Caption-style text data:
══════

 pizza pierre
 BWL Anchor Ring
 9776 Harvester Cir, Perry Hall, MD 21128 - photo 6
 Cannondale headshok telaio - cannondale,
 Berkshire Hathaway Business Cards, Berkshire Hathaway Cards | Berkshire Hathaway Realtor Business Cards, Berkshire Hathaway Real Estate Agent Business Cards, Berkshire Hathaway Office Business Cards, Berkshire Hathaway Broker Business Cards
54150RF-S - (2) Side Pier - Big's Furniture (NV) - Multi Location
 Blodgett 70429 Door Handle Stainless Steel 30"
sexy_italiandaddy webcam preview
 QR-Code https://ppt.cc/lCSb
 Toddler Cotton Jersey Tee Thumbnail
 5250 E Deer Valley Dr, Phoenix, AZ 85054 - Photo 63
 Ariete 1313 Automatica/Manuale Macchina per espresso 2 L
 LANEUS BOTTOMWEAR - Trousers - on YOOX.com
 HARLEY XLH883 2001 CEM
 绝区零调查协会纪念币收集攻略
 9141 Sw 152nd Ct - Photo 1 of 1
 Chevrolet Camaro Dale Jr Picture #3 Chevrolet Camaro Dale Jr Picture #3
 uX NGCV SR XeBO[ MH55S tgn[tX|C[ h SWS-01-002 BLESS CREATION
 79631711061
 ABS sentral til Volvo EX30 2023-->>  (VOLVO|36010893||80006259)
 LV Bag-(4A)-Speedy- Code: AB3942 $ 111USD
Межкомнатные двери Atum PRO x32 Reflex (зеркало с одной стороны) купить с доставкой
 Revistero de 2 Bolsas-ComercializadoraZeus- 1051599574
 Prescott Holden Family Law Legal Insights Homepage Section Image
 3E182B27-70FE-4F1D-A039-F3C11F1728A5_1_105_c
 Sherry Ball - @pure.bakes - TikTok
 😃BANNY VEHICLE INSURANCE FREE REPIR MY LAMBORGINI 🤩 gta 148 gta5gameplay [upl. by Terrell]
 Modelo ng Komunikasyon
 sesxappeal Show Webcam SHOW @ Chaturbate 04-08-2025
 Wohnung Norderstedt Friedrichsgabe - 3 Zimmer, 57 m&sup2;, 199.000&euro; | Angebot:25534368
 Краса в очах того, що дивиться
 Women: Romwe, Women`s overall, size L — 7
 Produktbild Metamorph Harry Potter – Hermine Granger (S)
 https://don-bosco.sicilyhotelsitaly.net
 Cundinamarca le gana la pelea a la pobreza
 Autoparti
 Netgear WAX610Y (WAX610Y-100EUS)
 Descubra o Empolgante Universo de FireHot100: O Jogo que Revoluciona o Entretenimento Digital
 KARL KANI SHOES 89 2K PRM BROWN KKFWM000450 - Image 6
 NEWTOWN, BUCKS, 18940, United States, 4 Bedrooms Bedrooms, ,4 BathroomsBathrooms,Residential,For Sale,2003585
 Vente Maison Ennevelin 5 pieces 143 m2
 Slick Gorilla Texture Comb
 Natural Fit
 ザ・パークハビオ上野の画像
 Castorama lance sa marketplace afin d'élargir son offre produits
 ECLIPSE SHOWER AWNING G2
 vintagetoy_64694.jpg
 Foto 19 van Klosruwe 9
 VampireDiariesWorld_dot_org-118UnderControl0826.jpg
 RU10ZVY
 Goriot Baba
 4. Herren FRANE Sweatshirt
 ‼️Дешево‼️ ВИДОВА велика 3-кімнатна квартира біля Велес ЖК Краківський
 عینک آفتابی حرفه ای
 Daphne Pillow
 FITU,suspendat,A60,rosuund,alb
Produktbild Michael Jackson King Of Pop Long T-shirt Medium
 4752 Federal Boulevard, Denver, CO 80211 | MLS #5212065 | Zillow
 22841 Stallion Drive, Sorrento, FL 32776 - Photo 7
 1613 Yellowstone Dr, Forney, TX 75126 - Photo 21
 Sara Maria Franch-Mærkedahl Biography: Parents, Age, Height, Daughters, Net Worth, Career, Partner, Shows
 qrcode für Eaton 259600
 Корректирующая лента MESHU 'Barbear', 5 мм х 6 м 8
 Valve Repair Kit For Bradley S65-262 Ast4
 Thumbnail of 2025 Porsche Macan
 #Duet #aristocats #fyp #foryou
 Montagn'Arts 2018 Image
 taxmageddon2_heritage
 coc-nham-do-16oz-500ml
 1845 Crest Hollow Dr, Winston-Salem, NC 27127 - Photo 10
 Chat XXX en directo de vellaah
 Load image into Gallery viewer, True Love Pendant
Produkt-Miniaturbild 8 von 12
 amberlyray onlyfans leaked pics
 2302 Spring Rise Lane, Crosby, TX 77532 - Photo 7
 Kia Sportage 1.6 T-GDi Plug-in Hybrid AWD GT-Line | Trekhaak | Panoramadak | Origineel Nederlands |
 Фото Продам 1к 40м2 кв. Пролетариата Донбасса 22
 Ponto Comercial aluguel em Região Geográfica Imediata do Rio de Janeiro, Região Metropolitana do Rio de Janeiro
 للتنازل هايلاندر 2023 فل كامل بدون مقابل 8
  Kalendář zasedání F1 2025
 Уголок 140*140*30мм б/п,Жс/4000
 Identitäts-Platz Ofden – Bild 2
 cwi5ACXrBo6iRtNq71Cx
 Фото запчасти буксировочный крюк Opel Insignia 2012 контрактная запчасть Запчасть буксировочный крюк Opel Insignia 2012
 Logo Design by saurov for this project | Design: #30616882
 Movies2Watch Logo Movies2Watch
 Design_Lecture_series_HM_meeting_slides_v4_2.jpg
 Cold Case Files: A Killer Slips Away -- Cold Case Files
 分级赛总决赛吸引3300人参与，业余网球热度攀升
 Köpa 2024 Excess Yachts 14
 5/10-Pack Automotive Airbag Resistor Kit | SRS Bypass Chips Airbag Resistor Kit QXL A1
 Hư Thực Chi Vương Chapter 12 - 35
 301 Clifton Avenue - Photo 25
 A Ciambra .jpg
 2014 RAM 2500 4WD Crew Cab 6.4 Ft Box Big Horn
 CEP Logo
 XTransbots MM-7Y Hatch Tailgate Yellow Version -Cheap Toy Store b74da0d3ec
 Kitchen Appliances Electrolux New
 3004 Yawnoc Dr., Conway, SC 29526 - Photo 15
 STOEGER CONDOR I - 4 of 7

══════

**Problem details:**
Please copy the line that contains "5/10-Pack Automotive Airbag" and each line after it through the end of the records, exactly, and no other lines.

**Reply:**
 5/10-Pack Automotive Airbag Resistor Kit | SRS Bypass Chips Airbag Resistor Kit QXL A1
 Hư Thực Chi Vương Chapter 12 - 35
 301 Clifton Avenue - Photo 25
 A Ciambra .jpg
 2014 RAM 2500 4WD Crew Cab 6.4 Ft Box Big Horn
 CEP Logo
 XTransbots MM-7Y Hatch Tailgate Yellow Version -Cheap Toy Store b74da0d3ec
 Kitchen Appliances Electrolux New
 3004 Yawnoc Dr., Conway, SC 29526 - Photo 15
 STOEGER CONDOR I - 4 of 7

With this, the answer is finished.